# [Description of the task]
Retype the lines below exactly, from the one that contains "0.25 TCW Round" through the last, and leave every picture out.

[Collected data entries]

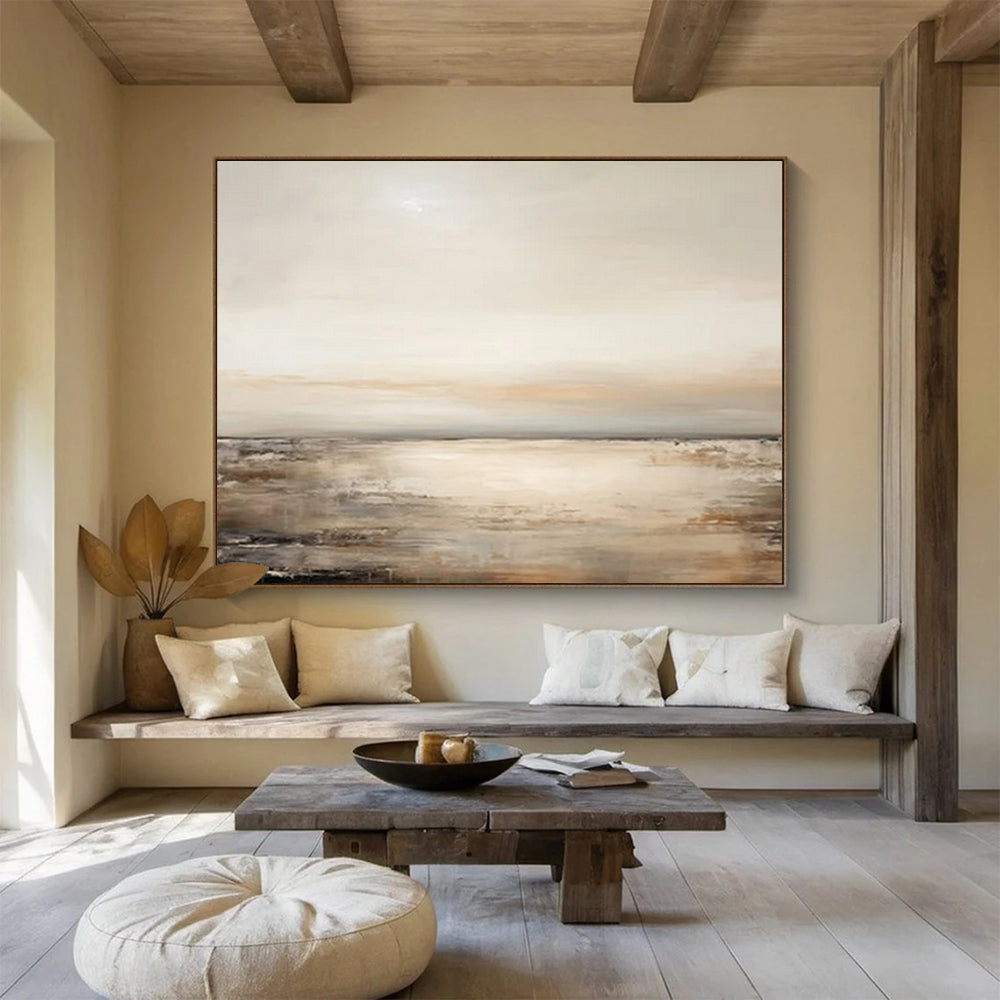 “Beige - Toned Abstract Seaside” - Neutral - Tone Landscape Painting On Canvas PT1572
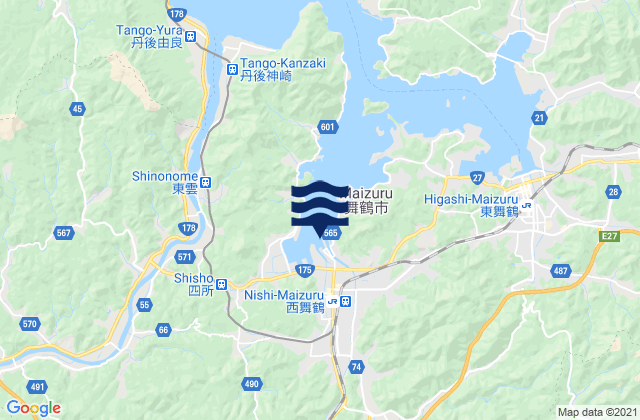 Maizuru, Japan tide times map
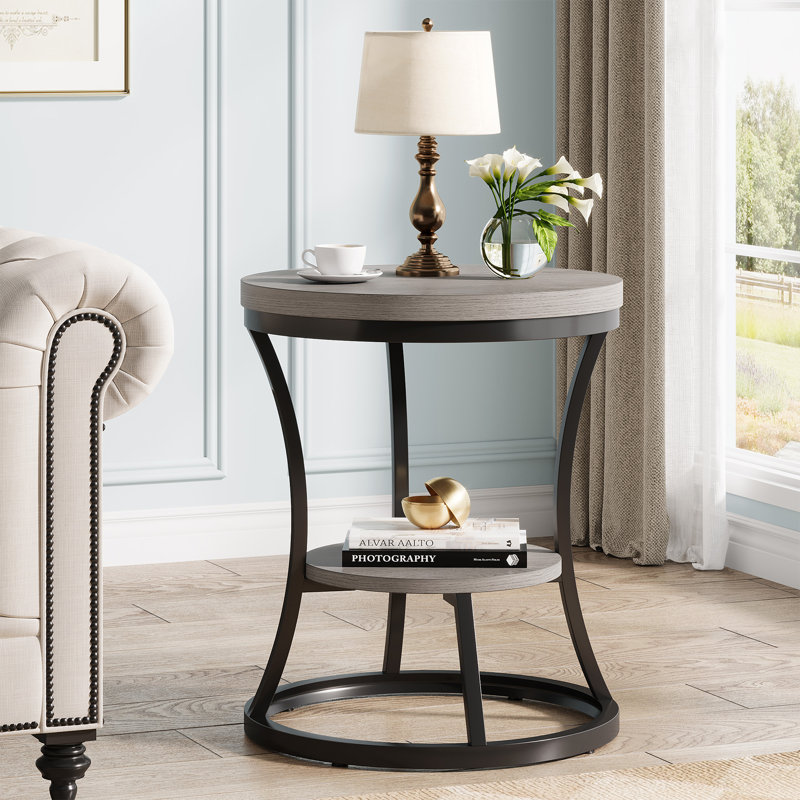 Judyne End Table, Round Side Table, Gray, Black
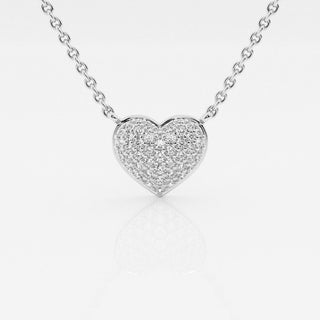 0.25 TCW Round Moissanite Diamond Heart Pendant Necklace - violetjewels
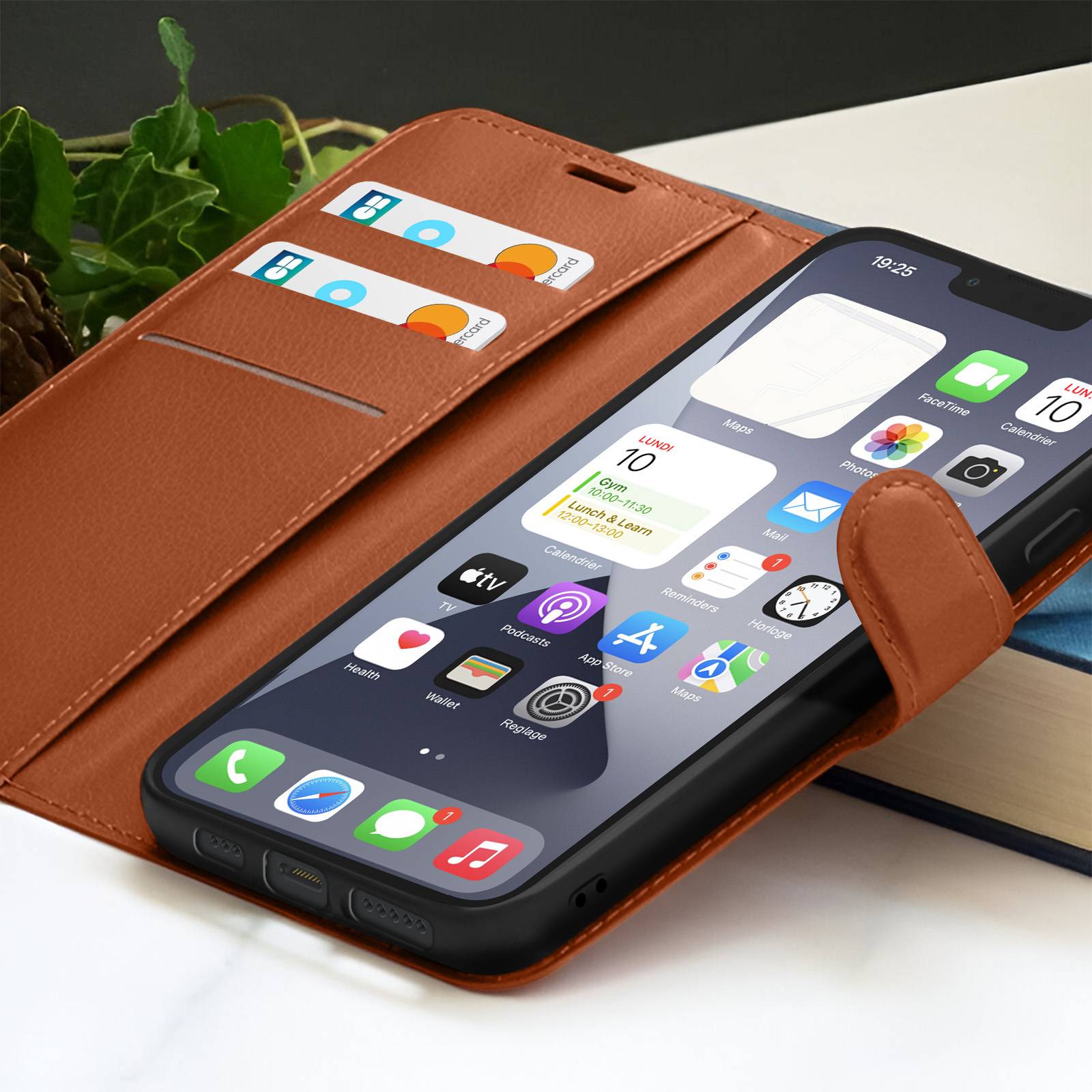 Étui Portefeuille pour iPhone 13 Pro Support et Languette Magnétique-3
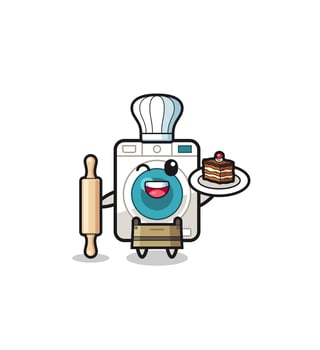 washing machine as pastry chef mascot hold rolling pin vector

# [Response to this exercise]
 0.25 TCW Round Moissanite Diamond Heart Pendant Necklace - violetjewels
 Étui Portefeuille pour iPhone 13 Pro Support et Languette Magnétique-3
 washing machine as pastry chef mascot hold rolling pin vector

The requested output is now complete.